About the CeFH Biostatistical seminar
The biostatistical seminar takes place on a monthly basis. The focus at these seminars is on methods and their mathematical backgrounds. Applications may also be presented. We invite a broad range of researcher from Norway and abroad to discuss various topics such as causal inference, Bayesian methods, variable selection, and more!
Statisticians ans data analysts from the Norwegian Institute of Public Health are invited at every meeting. People from the outside of the institute are also welcome to join. If you want to present your latest research, please contact William Denault.
About the speaker
Tonje Lien is postdoc at Oslo University Hospital and her research focus is on penalized regression for combining GWAS and EWAS data.
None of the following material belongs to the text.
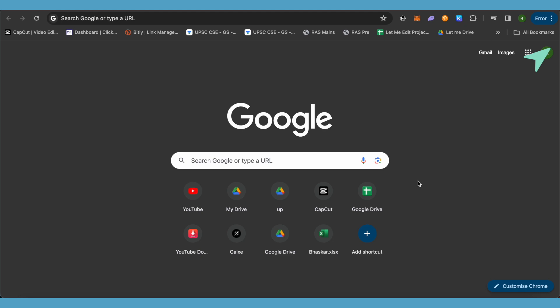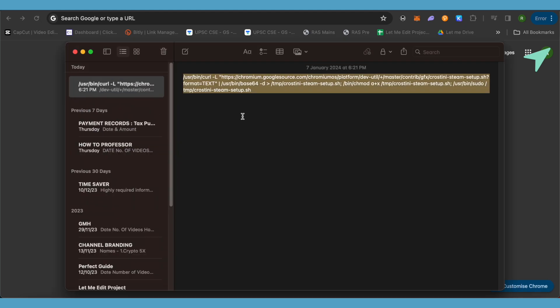After rebooting, just open up Terminal. I will be providing a code in the description. Just simply copy and paste it in the Terminal and hit enter. This way you would be able to get Steam on your Chromebook.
Using high-dimensional penalized regression we studied genome-wide DNA-methylation in bone biopsies of 80 postmenopausal women in relation to their bone mineral density (BMD). The women showed BMD varying from severely osteoporotic to normal. Global gene expression data from the same individuals was available, and since DNA-methylation often affects gene expression, the overall aim of this paper was to include both of these omics data sets into an integrated analysis.
The classical penalized regression uses one penalty, but we incorporated individual penalties for each of the DNA-methylation sites. These individual penalties were guided by the strength of association between DNA-methylations and gene transcript levels. DNA-methylations that were highly associated to one or more transcripts got lower penalties and were therefore favored compared to DNA-methylations showing less association to expression. Because of the complex pathways and interactions among genes, we investigated both the association between DNA-methylations and their corresponding cis gene, as well as the association between DNA-methylations and trans-located genes. Two integrating penalized methods were used: first, an adaptive group-regularized ridge regression, and secondly, variable selection was performed through a modified version of the weighted lasso.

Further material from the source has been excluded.